EXERCISE DIRECTIONS: Using the entries that follow, write out the line containing "Top view of", the line containing "A pile of red", and every line between them, exactly and nothing else.

(Stored items from a collection)
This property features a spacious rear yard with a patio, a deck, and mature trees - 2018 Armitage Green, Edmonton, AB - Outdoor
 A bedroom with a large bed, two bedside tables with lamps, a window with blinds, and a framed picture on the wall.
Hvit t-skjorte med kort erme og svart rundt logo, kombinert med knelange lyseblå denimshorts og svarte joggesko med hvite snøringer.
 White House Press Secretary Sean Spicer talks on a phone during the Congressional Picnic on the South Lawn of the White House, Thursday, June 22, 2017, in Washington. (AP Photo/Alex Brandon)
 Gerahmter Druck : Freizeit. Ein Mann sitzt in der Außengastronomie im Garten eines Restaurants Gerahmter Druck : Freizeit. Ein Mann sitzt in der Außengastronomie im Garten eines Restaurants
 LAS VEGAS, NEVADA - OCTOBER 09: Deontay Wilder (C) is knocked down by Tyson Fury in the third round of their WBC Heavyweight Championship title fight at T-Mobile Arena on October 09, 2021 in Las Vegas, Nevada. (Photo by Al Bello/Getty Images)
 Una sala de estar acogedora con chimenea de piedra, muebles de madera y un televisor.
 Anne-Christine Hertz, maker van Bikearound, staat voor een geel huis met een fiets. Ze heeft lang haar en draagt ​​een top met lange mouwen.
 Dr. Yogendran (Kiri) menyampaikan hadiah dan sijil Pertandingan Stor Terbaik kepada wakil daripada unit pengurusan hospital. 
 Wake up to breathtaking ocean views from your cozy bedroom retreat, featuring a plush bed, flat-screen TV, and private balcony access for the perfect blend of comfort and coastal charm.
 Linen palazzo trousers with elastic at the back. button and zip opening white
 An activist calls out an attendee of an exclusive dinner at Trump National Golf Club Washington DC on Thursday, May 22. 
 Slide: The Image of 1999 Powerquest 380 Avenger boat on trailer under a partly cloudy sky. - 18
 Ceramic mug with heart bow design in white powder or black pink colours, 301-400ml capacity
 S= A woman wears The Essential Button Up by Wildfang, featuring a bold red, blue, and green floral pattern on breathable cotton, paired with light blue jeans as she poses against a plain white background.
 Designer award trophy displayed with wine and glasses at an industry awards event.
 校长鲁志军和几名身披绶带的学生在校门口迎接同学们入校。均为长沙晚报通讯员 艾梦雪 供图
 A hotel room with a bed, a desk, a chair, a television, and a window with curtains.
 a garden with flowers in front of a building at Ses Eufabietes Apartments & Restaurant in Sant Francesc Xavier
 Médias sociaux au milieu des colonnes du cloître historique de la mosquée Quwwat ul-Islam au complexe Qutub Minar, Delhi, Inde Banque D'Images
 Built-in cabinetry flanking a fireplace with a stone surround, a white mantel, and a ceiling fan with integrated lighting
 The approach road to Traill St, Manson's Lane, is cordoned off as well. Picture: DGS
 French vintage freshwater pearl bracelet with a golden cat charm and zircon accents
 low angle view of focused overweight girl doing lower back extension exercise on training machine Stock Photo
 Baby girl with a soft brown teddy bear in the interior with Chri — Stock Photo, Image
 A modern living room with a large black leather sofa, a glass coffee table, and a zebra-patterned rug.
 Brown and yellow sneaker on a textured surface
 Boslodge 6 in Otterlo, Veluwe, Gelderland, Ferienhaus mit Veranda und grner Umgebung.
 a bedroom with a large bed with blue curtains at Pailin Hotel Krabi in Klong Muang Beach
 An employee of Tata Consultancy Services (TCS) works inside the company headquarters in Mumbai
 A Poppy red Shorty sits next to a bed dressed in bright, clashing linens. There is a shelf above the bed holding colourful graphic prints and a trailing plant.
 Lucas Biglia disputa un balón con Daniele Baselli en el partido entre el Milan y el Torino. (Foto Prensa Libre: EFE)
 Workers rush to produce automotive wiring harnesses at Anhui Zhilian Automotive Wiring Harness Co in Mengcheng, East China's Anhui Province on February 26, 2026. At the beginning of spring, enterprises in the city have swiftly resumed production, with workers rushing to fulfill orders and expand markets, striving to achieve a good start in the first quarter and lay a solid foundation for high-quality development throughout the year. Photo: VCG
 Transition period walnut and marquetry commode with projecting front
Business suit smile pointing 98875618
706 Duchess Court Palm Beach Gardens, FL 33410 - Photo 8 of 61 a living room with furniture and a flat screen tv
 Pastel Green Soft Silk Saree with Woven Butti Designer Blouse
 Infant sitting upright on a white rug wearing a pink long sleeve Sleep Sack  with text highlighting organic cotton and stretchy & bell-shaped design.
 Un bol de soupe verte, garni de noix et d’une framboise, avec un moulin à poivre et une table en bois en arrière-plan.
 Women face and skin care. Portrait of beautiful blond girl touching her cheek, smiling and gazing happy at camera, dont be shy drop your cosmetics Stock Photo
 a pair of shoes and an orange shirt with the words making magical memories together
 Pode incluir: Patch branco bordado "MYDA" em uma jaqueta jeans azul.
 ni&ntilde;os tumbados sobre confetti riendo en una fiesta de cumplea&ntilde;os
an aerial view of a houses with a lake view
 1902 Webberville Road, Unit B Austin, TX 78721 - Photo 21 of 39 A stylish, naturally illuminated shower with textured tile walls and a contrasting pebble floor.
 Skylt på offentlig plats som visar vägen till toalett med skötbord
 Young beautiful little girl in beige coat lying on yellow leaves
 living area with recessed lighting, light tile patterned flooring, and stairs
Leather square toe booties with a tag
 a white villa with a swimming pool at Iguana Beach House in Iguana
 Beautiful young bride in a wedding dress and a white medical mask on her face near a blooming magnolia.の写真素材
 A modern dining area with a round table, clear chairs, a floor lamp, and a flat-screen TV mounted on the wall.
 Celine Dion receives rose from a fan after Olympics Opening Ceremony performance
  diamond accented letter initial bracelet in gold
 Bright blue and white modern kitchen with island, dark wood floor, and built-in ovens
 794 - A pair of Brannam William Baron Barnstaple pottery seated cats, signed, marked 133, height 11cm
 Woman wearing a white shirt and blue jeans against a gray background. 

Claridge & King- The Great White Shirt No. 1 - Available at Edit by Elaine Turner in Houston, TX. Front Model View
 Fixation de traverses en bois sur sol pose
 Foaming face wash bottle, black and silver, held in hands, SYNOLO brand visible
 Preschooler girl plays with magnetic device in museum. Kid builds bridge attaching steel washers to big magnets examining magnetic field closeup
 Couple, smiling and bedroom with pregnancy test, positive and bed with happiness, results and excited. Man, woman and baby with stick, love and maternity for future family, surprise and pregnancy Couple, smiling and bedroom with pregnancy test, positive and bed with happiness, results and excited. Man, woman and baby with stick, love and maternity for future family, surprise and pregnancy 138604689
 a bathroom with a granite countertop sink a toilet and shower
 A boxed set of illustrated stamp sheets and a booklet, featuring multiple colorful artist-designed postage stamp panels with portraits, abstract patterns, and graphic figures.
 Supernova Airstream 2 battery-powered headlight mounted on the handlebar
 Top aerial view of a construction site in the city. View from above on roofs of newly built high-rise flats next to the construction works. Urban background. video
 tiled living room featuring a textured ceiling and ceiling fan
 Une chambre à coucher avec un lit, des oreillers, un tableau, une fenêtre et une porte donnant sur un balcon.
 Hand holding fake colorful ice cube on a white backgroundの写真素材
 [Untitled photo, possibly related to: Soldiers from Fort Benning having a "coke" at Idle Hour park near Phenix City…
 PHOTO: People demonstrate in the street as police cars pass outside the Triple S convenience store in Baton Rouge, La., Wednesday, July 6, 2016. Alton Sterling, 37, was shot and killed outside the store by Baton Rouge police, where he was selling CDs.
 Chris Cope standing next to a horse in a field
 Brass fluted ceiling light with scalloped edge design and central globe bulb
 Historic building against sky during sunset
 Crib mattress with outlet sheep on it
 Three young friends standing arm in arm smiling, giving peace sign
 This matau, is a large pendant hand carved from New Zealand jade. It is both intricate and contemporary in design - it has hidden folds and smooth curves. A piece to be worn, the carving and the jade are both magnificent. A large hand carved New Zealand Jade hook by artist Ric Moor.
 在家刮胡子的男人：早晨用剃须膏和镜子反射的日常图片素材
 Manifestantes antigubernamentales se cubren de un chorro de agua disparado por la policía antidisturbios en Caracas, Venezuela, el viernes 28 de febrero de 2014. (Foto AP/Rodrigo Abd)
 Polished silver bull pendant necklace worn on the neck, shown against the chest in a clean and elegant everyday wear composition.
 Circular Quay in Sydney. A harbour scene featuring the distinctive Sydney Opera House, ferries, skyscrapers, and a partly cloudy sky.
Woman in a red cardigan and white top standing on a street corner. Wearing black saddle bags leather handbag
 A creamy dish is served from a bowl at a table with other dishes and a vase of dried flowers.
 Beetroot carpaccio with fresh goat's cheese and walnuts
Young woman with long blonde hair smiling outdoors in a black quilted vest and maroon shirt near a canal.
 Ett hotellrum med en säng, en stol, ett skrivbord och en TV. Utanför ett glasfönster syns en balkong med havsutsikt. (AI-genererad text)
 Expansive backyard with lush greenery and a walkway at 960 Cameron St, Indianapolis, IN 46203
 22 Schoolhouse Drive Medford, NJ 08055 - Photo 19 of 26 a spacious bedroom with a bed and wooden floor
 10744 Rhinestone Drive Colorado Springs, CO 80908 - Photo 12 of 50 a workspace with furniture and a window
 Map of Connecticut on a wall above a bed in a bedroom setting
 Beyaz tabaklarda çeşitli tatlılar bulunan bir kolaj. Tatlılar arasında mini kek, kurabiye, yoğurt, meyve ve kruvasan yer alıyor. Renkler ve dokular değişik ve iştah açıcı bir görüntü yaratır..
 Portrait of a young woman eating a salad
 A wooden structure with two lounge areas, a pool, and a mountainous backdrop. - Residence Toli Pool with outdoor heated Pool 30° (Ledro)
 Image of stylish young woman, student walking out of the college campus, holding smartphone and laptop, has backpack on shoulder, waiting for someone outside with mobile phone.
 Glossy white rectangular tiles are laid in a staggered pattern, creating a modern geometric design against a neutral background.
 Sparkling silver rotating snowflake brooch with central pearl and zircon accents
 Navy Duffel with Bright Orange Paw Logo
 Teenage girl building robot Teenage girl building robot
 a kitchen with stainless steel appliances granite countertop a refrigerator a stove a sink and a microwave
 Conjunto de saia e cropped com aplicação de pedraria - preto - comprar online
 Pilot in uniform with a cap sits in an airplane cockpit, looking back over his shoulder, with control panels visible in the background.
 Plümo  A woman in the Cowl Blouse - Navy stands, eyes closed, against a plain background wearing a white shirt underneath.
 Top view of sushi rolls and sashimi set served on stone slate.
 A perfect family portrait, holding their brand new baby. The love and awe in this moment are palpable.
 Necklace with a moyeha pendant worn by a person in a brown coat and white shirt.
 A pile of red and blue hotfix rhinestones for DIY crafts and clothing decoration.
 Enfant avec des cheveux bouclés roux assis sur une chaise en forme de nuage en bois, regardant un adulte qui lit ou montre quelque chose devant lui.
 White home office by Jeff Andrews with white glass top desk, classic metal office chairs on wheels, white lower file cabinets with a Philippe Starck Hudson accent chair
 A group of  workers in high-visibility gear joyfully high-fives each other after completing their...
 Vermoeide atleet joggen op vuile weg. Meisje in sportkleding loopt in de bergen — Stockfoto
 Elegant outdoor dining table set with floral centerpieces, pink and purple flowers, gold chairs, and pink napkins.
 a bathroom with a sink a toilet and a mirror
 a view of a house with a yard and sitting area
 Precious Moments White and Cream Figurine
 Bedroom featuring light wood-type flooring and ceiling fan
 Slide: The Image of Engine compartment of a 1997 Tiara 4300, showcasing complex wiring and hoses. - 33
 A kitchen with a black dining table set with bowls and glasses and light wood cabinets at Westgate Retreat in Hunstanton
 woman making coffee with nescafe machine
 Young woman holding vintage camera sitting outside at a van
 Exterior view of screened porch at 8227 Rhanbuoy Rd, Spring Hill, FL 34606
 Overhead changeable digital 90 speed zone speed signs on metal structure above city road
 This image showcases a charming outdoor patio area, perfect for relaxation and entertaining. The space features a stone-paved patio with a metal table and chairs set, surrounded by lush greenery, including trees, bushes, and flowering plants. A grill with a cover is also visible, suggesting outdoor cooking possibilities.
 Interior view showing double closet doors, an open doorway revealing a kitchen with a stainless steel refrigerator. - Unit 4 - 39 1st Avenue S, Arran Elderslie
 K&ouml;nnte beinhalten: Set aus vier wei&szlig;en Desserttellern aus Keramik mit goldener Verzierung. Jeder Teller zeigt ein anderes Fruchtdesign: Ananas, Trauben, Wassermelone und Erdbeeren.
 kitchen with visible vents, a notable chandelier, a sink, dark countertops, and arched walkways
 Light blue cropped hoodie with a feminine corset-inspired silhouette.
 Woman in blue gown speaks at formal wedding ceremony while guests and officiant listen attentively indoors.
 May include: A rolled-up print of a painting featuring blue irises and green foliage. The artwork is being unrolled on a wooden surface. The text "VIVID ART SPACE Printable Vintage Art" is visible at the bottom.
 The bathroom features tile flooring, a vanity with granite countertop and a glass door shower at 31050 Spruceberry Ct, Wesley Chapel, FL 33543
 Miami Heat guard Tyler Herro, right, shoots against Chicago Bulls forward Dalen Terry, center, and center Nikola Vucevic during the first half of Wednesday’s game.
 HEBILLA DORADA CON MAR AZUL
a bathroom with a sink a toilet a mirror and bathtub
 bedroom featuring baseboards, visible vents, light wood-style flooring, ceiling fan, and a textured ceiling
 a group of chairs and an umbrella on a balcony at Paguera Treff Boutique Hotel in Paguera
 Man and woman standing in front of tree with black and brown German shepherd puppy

EXERCISE SOLUTION:
 Top view of sushi rolls and sashimi set served on stone slate.
 A perfect family portrait, holding their brand new baby. The love and awe in this moment are palpable.
 Necklace with a moyeha pendant worn by a person in a brown coat and white shirt.
 A pile of red and blue hotfix rhinestones for DIY crafts and clothing decoration.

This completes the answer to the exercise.